Item 1. Security and Issuer

This Statement on Schedule 13D (“Schedule 13D”) relates to the shares of common stock, par value $0.001 per share (the “Common Stock ” or “Shares ”) of HC2 Holdings, Inc., a Delaware corporation (the “ Company ” or the “ Issuer ”), whose principal executive offices are located at 450 Park Avenue, 30th Floor, New York, NY 10022.

Item 2. Identity and Background

(a) This Schedule 13D is being filed by (i) Percy Rockdale LLC, a Michigan limited liability company (“Percy Rockdale”), (ii) Rio Royal LLC, a Michigan limited liability company (“Rio Royal”), (iii) MG Capital Management, Ltd., a Cayman Islands company limited by shares (“MG Capital Management”), and (iv) Michael Gorzynski, a natural person, (“Mr. Gorzynski,” and, together with Percy Rockdale, Rio Royal and MG Capital Management, the “Reporting Persons”).

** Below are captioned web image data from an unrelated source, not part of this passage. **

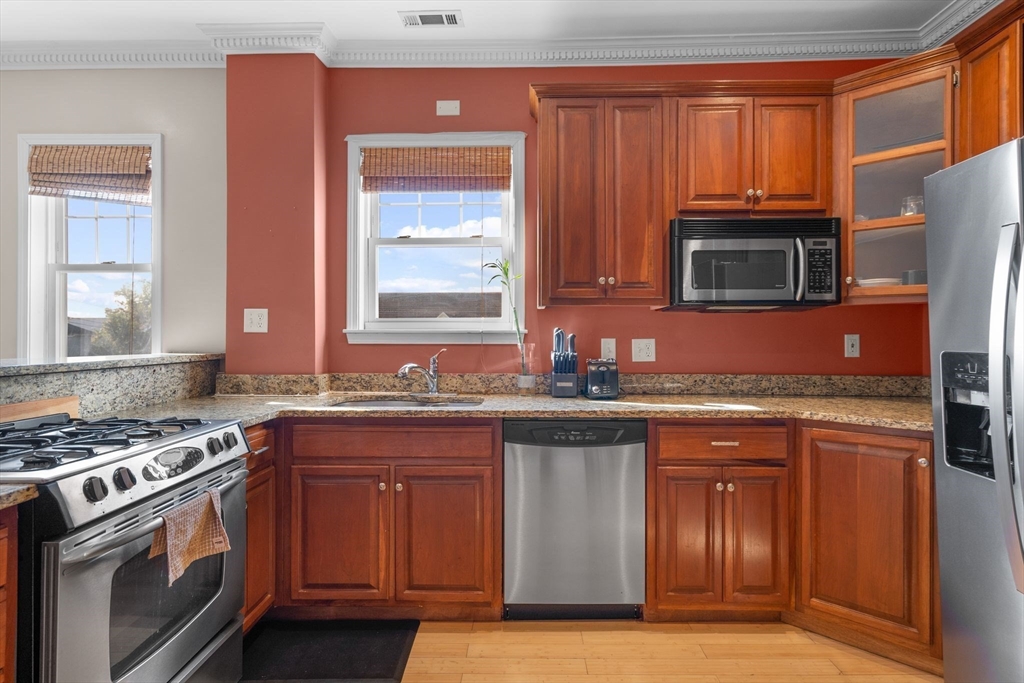 41 Standish St 3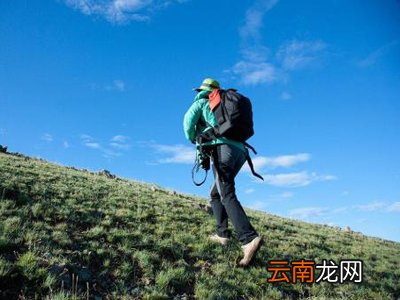 登山时如何避免被蛇咬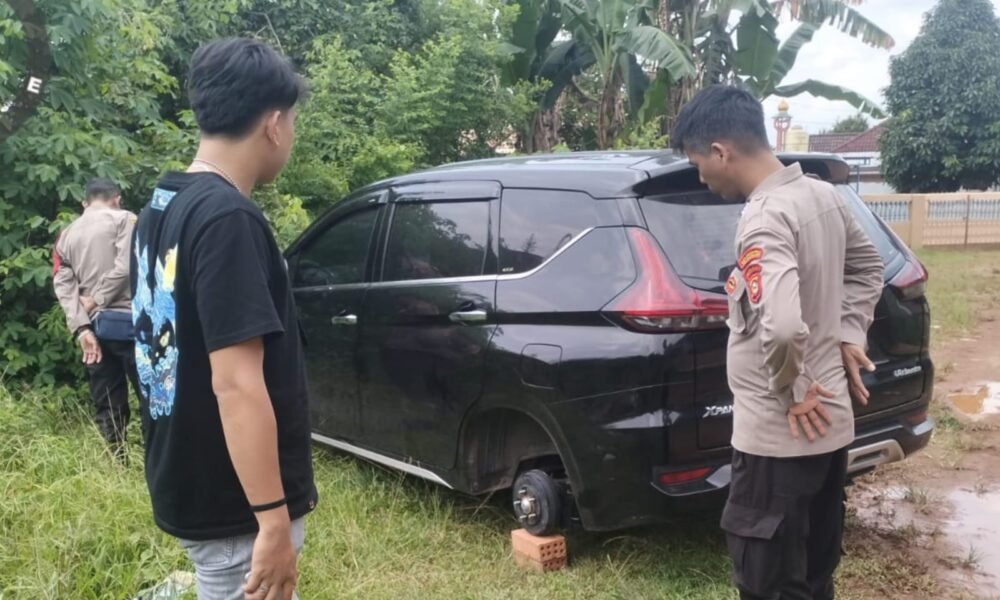 Parkir di Depan Rumah 4 Ban Mobil Plus Velgnya Raib Digondol Maling, Diganjal Batu Bata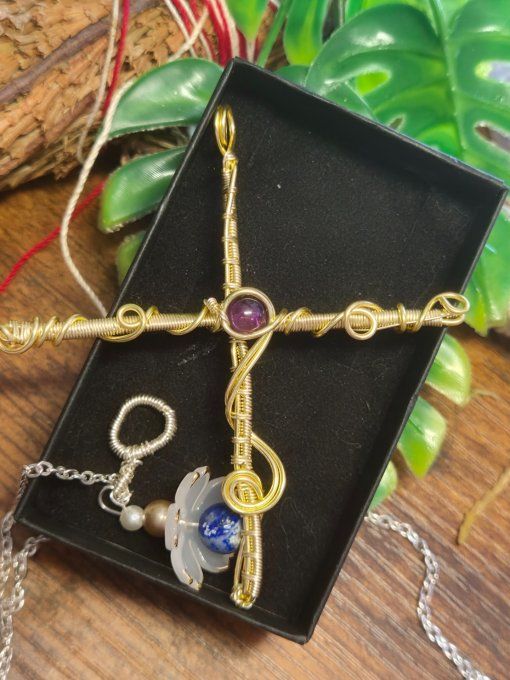 Pendentif croix Améthyste or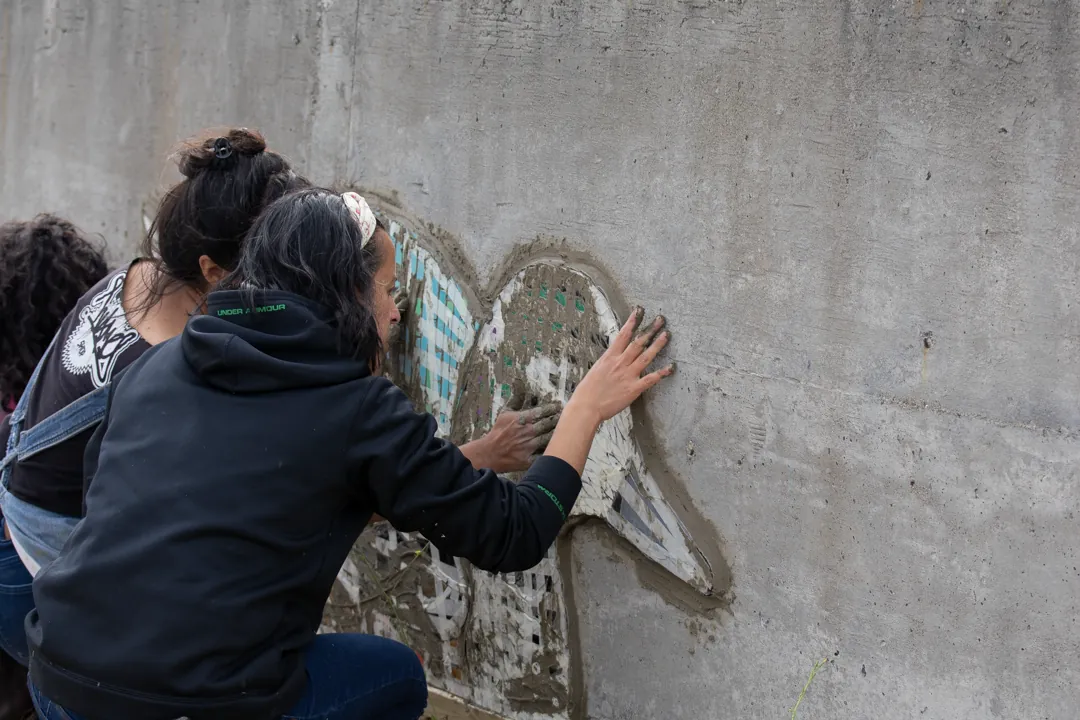Instalación colectiva de mosaicos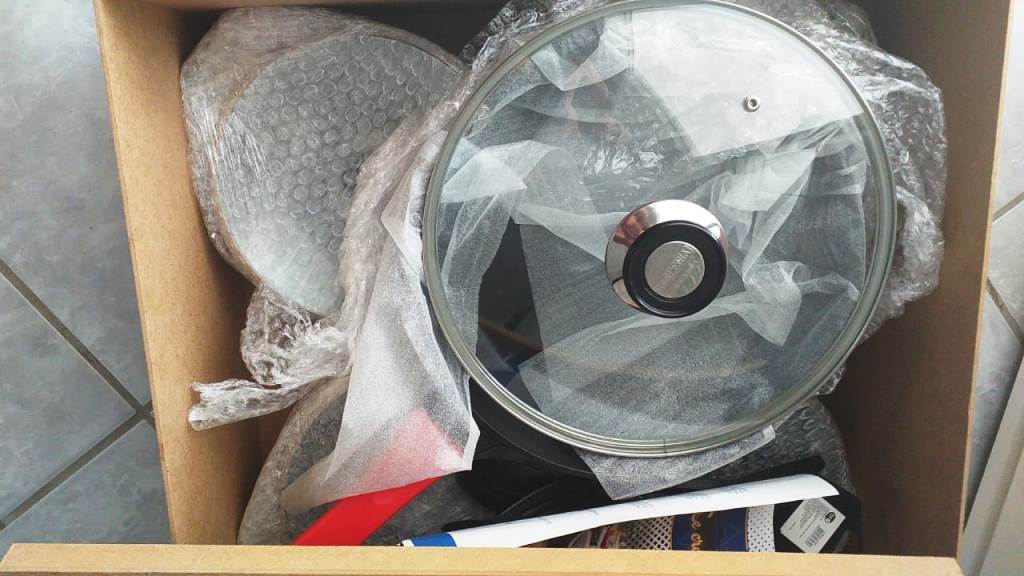 Em Patos, empreendedora denuncia que casal que vende panelas de cerâmica está dando golpes e caso vai parar na Delegacia de Polícia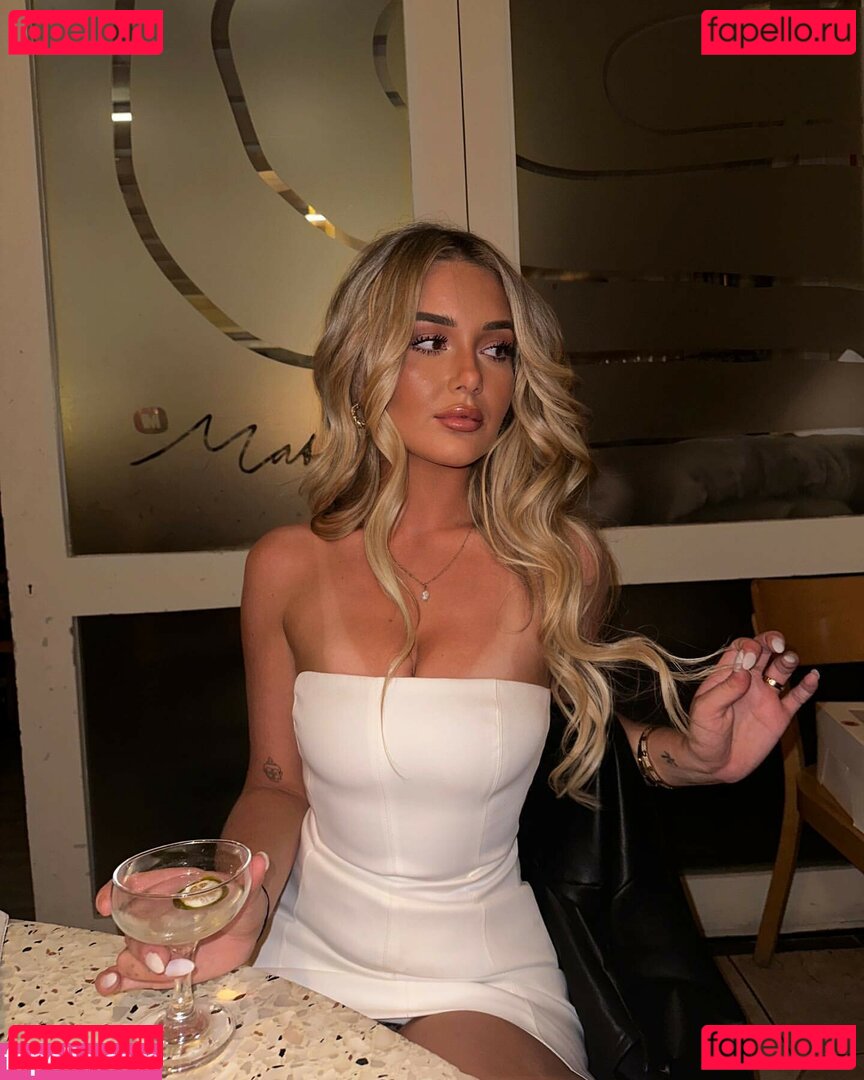 Phoebe Isobel Nude Onlyfans Photo 36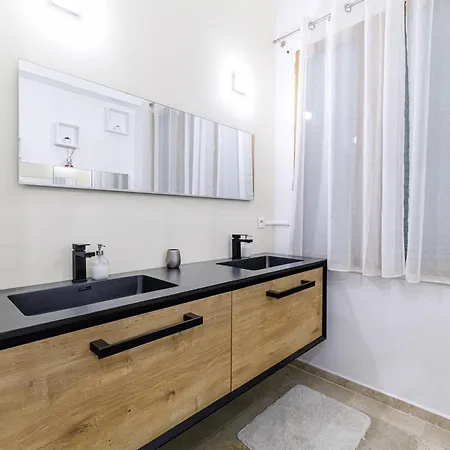Marie -pool - Garden-close To -parking 빌라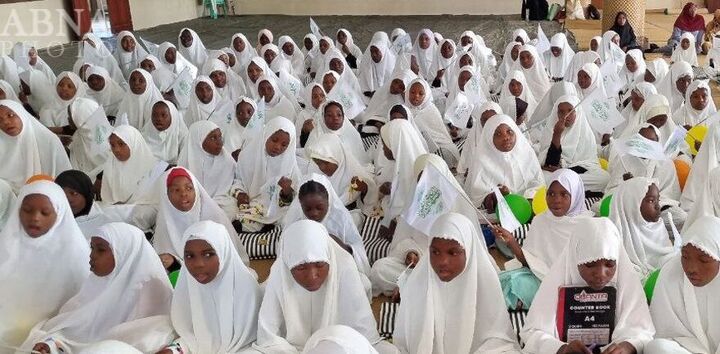 جشن میلاد حضرت علی(ع) در اوگاندا با حضور رئیس سازمان اوقاف برگزار شد جشن میلاد حضرت علی(ع) در اوگاندا با حضور رئیس سازمان اوقاف برگزار شد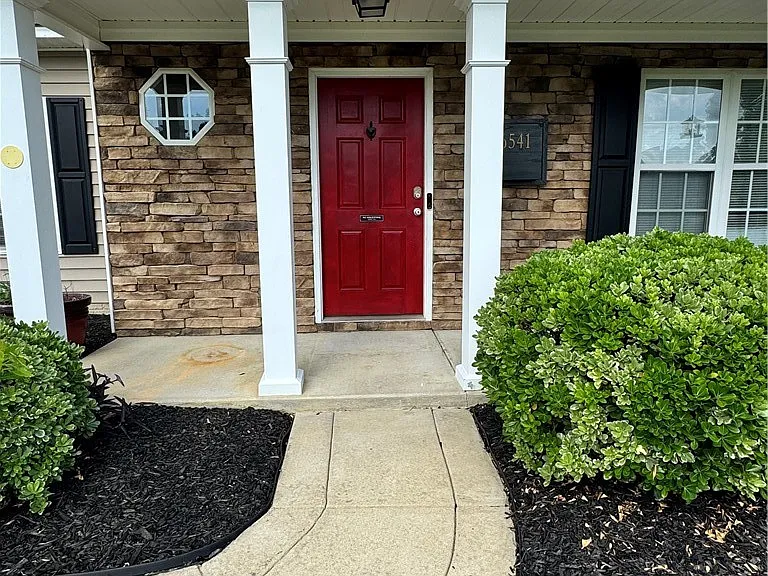 6541 Valley Falls Rd — Photo 4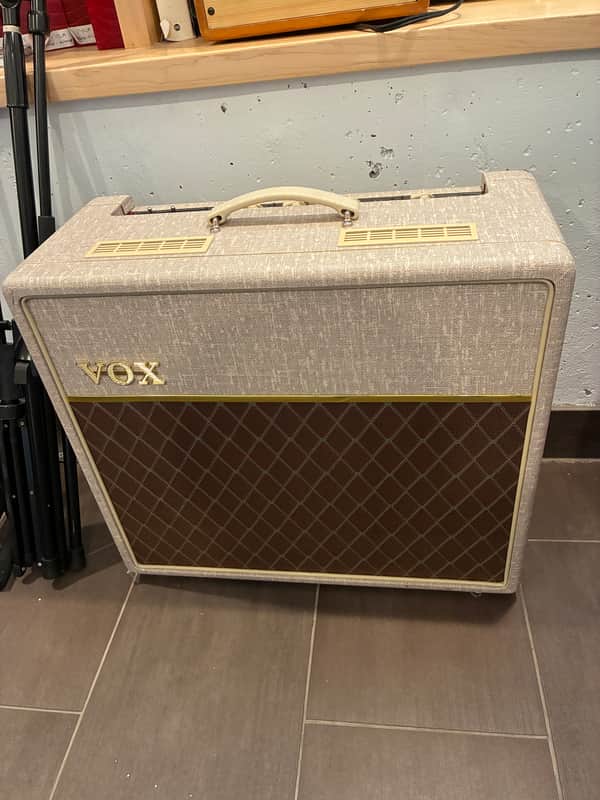 Vox AC15HW1 Hand-Wired 2-Channel 15-Watt 1x12" Guitar Combo 2010 - 2019 - Fawn image 1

(b) The principal business address for each of Percy Rockdale, Rio Royal and Mr. Gorzynski is 595 Madison Avenue, 29th Floor, New York, NY 10022. The principal business address of MG Capital Management is c/o Trident Trust Company (Cayman) Limited, Fourth Floor, One Capital Place, P.O. Box 847, Grand Cayman, KY1-1103, Cayman Islands.

(c) Percy Rockdale and Rio Royal each hold the shares of Common Stock of the Issuer that are the subject of this statement. The principal business of each of Percy Rockdale and Rio Royal is to invest in securities. The principal business of MG Capital Management is to serve as an investment holding company. Mr. Gorzynski’s principal occupation is investing, and directing the investment of, assets, including by serving as the sole Manager of Percy Rockdale and the sole Director of MG Capital Management. As a result of the foregoing relationships, (i) MG Capital Management may be deemed to beneficially own the Shares held by Rio Royal and (ii) Mr. Gorzynski may be deemed to beneficially own the Shares held by each of Percy Rockdale and Rio Royal.

(d) - (e) During the last five years, none of the Reporting Persons have been: (i) convicted in a criminal proceeding (excluding traffic violations or similar misdemeanors); or (ii) a party to a civil proceeding of a judicial or administrative body of competent jurisdiction and as a result of such proceeding was or is subject to a judgment, decree or final order enjoining future violations of, or prohibiting or mandating activities subject to, federal or state securities laws or finding any violation with respect to such laws.

(f) Percy Rockdale and Rio Royal are each Michigan limited liability companies. MG Capital Management is a Cayman Islands company limited by shares. Mr. Gorzynski is a citizen of the United States of America.

Item 3.
Source and Amount of Funds or Other Consideration

All of the Shares to which this Statement relates were purchased on behalf of the Reporting Person using the investment capital of the respective Reporting Person. The aggregate amount of funds used for the purchase of the securities reported herein was approximately $5,032,700.00, excluding commissions.

Item 4.
Purpose of the Transaction

The Reporting Person acquired the securities disclosed herein based on the Reporting Person’s belief that the securities, when acquired, were undervalued and represented an attractive investment opportunity.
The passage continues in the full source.